Pero lo que llama la atención no es simplemente el proceso psíquico individual, sino también los procesos sociales de duelo. En ciertas situaciones, los sujetos colectivos podrían tener dificultades con los procesos 'normales' de manejo de pérdida, sobre todo cuando la muerte ocurre de manera repentina o por violencia. El aplazamiento de estos procesos es particularmente evidente cuando no hay acceso a la justicia o reconciliación con la muerte.

Como señalé líneas arriba, la pérdida, sobre todo la pérdida por violencia (o por desastre socio-natural), nos expone a todos y todas como sujetos vulnerables (Butler, 2004: 28). Nos deja a todos truncados, como personas y como sociedad. Pero al recordarnos nuestros lazos afectivos con otros seres humanos y la responsabilidad ética que tenemos hacia ellos, compartir el duelo —tanto el luto “normal” como la melancolía indignada— permite la emergencia de un sentido de comunidad, o hasta de un movimiento político colectivo.

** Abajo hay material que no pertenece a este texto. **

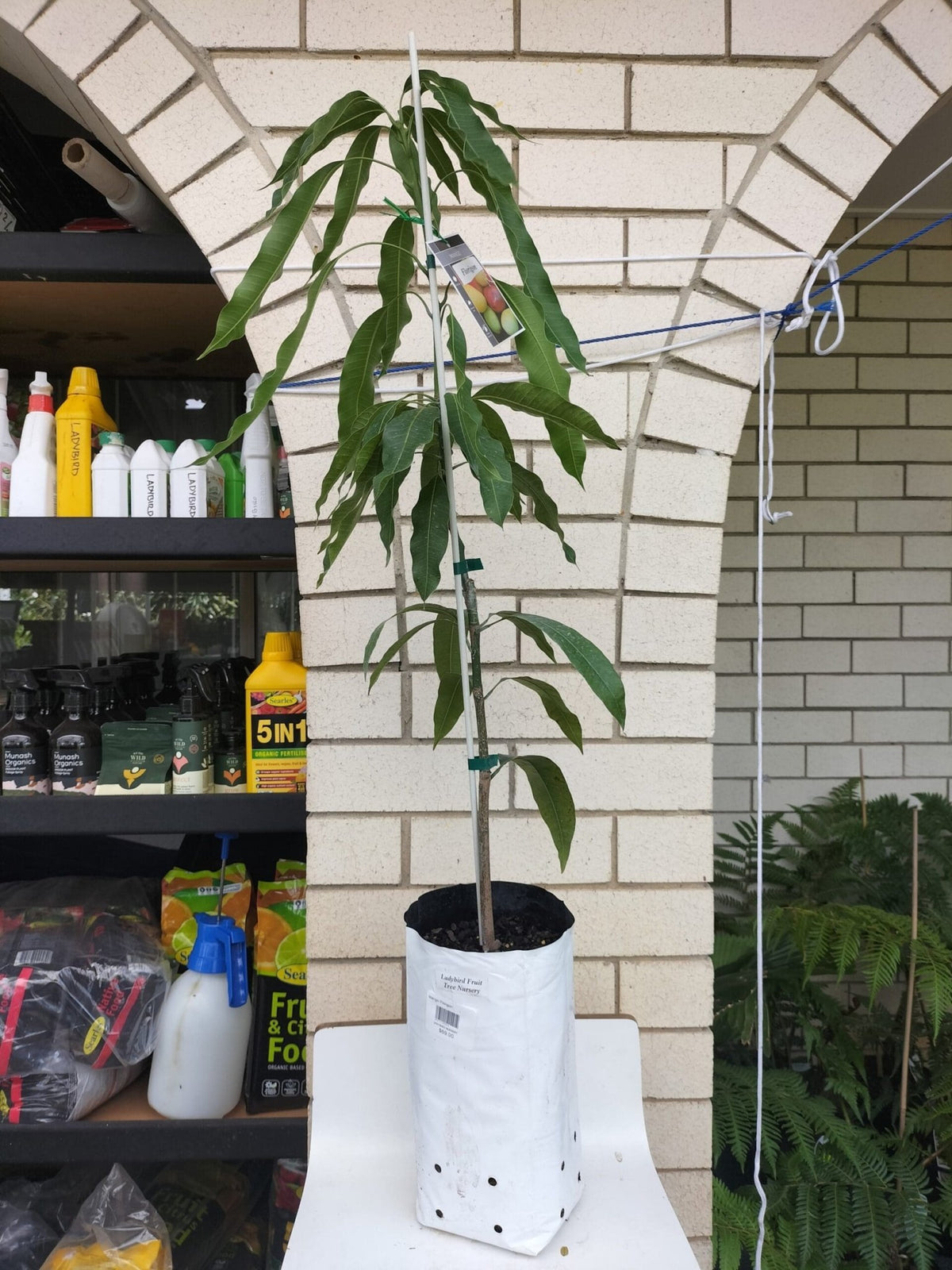 Florigon Mango Tree Fruit Tree – Buy Now! – Ladybird Nursery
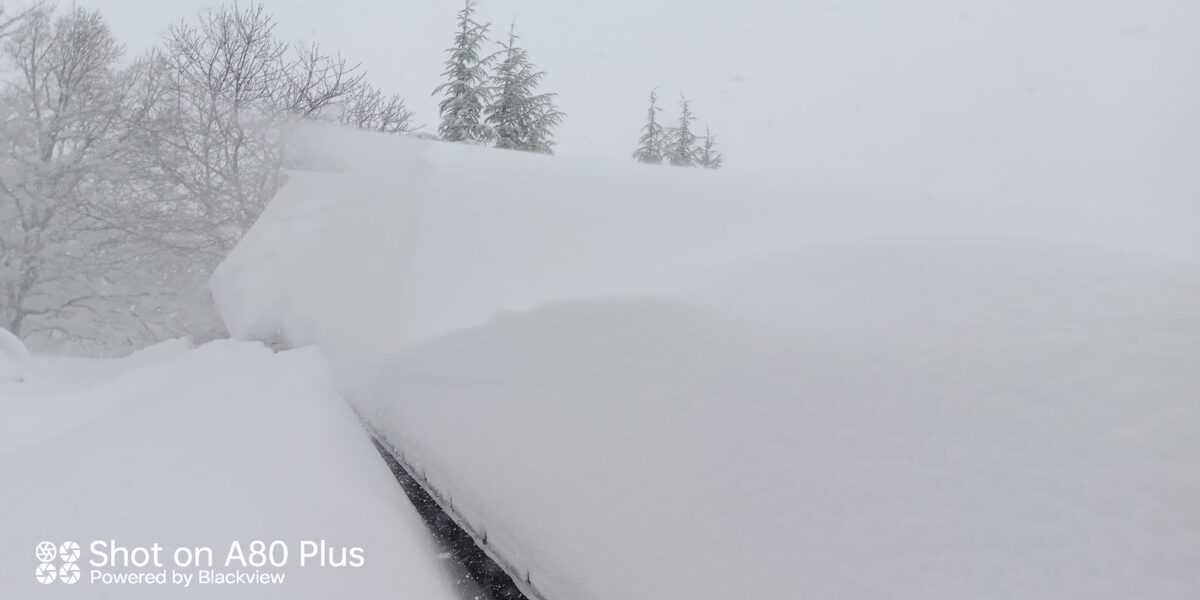 Su Separadorgiu (Fonni) neve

En el contexto de las reflexiones que brotan alrededor de los días de muertos, más allá de su patrimonialización y utilidad para atraer a los turistas que se deleitan con desfiles de esqueletos y otras expresiones que aquella 'intimidad mexicana con la muerte', se me hace apropiado pensar que el duelo también es político. Sostener el luto de manera colectiva—resistir el regreso a la normalidad, rehusar 'dejar ir' a los muertos—, abre la posibilidad de mantener una relación crítica con el pasado y, por lo tanto, la posibilidad de luchar para un futuro justo para los más vulnerables. Cierro con las palabras de Douglas Crimp, académico y activista, en un estudio sobre la epidemia del sida en los Estados Unidos y el movimiento social a favor de un trato digno para sus víctimas: “Militancia, claro, entonces, pero duelo también: duelo y militancia” (1989: 16).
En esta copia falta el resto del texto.